Quant Researcher Lab — HFThot Research Lab

Research Pipeline

From raw market data to a deployed strategy — one Docker stack

1 — Data Ingestion (Polarway)

Yahoo Finance / CCXT feeds → Polars DataFrame → Parquet lake. Point-in-time joins via DuckDB prevent lookahead bias.

2 — Regime Detection (HMM · Rust Baum-Welch)

Gaussian HMM with k=3 states fitted to daily log-returns. Rust Baum-Welch converges in <2ms / 500 obs. Viterbi state sequence decoded in <0.5ms.

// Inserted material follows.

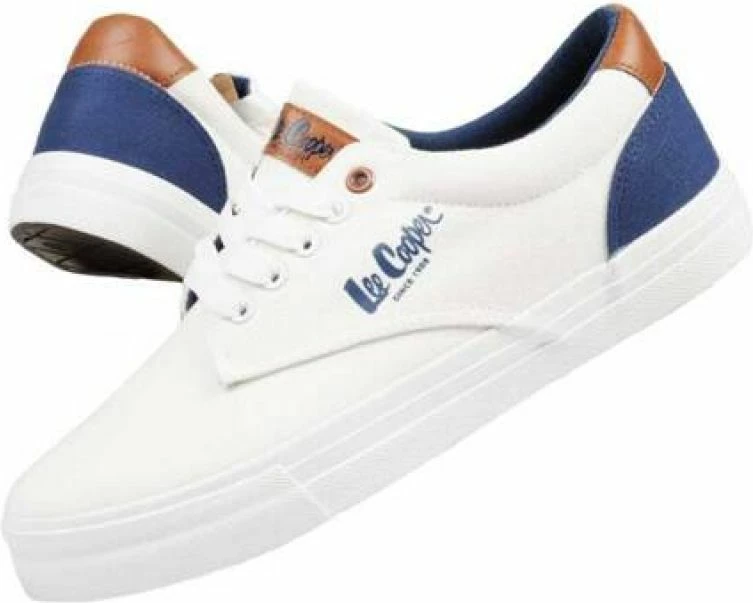 Atlete për meshkuj Lee Cooper, të bardha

3 — Parameter Estimation (MCMC · Rust)

Metropolis-Hastings posterior over regime-conditional means and covariances. 10,000 MCMC samples in <800ms via mcmc_sample Rust binding.

4 — Portfolio Optimisation (CARA · Optimiz-R DE)

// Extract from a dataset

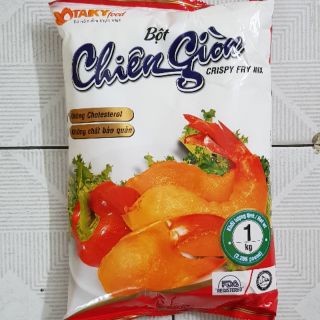 Bột chiên Tài Ký 1kg.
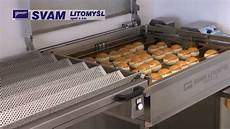 Industrial Baking Machine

CARA utility maximisation per regime. For non-convex parameter spaces, Differential Evolution (Optimiz-R) finds the global optimum without gradient information.

5 — Backtesting (Rust backtest engine)

522-day full backtest with transaction costs (10 bps), slippage model, and rebalancing schedule — all in a single backtest_with_costs_rust call.

6 — Reporting (DuckDB + Streamlit)

Results written to DuckDB leaderboard with time-travel support. Streamlit dashboard renders interactive P&L, regime attribution, and weight charts.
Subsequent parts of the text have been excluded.